KIRK PENTON, SUN MEDIA

, Last Updated: 10:23 AM ET

The Kaitlyn Lawes foursome was that close to falling over the edge of the proverbial cliff midway through last week.

The team had a record of 5-4 at the Canadian junior women's curling championship. Another loss or two would have ruined the team's chance of repeating as the nation's best.

So they simply didn't lose another game.

Lawes became just the third skip to win back-to-back titles in the event's 39-year history, downing Ontario's Rachel Homan 7-4 in yesterday afternoon's final in Salmon Arm, B.C.

It was the team's fifth straight win including three round-robin victories and a 7-6 triumph over Alberta's Casey Scheidegger in Saturday's semifinal.

Lawes, a 20-year-old University of Manitoba student, said she will never tire of being called a Canadian champ.

"Never," she said. "And I hope it's not the last."

But first things first. Before she moves on to what promises to be a successful women's career, Lawes and her Pembina squad of Jenna Loder, Laryssa Grenkow and Breanne Meakin will represent Canada at the world junior championships in Vancouver March 5-15. The event will be played in the 2010 Olympic curling venue.

Lawes and Loder captured bronze at last year's worlds in Sweden, and the mission next month will be gold or bust.

"Obviously you want to bring it home in Canada," Lawes said.

The victory was extra special for Grenkow and Meakin, who hooked up with Lawes last fall after Liz Peters and Sarah Wazney graduated from the junior ranks. Grenkow lost two Canadian finals, and Meakin one, as members of Calleen Neufeld's squad.

'ABSOLUTELY UNREAL'

"It's absolutely unreal. I'm stoked right now," Grenkow said. "I guess the third time's the charm? It's finally paid off. ... I was tired of losing."

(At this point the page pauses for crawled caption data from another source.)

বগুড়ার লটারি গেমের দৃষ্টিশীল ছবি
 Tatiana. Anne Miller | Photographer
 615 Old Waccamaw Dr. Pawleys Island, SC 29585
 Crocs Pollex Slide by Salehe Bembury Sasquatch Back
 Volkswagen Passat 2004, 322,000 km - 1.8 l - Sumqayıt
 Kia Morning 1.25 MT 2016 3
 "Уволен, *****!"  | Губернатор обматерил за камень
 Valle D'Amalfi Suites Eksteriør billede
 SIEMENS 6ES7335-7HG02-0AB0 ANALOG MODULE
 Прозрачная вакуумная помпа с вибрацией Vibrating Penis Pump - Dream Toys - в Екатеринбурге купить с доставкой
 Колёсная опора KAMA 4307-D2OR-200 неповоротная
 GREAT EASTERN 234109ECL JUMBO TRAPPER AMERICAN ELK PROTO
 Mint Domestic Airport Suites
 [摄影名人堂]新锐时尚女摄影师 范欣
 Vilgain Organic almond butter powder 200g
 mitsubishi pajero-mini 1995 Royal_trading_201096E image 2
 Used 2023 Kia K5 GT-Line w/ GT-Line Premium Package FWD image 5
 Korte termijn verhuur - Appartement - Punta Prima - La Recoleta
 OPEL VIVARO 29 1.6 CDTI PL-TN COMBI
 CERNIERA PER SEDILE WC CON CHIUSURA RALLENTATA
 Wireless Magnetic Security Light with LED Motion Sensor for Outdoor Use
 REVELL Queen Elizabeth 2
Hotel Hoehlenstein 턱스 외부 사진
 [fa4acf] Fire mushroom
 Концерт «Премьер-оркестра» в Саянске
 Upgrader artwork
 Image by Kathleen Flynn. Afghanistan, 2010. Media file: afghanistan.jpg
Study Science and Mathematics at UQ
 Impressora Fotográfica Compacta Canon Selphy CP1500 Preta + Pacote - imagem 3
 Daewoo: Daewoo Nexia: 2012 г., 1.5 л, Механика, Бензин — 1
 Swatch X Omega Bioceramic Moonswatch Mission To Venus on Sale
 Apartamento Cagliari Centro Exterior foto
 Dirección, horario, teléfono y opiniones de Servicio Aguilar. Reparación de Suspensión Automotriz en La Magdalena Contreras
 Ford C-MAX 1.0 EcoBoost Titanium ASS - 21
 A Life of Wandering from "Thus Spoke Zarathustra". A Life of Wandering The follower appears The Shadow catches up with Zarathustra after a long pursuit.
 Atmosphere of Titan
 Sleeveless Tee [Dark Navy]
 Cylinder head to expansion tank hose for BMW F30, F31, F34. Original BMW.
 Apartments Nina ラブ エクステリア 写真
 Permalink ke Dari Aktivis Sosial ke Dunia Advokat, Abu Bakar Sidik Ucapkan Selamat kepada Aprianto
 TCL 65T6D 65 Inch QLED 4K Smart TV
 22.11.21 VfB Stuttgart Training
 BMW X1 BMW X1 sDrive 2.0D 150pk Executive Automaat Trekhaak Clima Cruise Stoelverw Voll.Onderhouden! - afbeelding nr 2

Grenkow admitted the team went through a significant rough patch in the middle of last week, so the curlers and their coach, Breanne's father Rob Meakin, sat down and figured out how to fix it.

"We just talked to each other and kept each other positive, because up until then we were getting kind of frustrated with each other and the ice," Grenkow said. "We just worked a few things out, like how to communicate better and more effectively, and it worked out really well."

The final was a defensive battle at the start, as it was 1-1 through five ends. Lawes notched the first deuce in the seventh to take a 3-2 lead, and the turning point came in the eighth when Team 'Toba stole one to grab a 4-2 advantage.

Homan, who finished first in the round robin with a 10-2 mark, scored a pair in the ninth, but Lawes controlled the 10th from the get-go and didn't have to throw her final stone.

Meakin had a game-high 91% shot percentage, while Loder turned in an 85% performance. Lawes out-curled Homan 72% to 63%.

"We definitely went a different way than we did last year," Lawes said. "We had four losses in the round robin, but we still kept our goals intact.

"We won the ones that we had to. We knew that the losses would come. We had a couple more than we had hoped, but we hung in there and it made us stronger as a team. We were able to rally right back."

Lawes joins Alberta's Cathy King (1977 and '78) and P.E.I.'s Suzanne Gaudet (2001 and '02) as the only back-to-back winning skips.

"That's very cool," Lawes said.

Lawes and Sam Good's Manitoba junior men's team are scheduled to land in Winnipeg today at 5:23 p.m., on WestJet.

P.E.I.'s Brent Gallant won the junior men's title, scoring two in the 10th end to beat Northern Ontario's Dylan Johnston 7-6.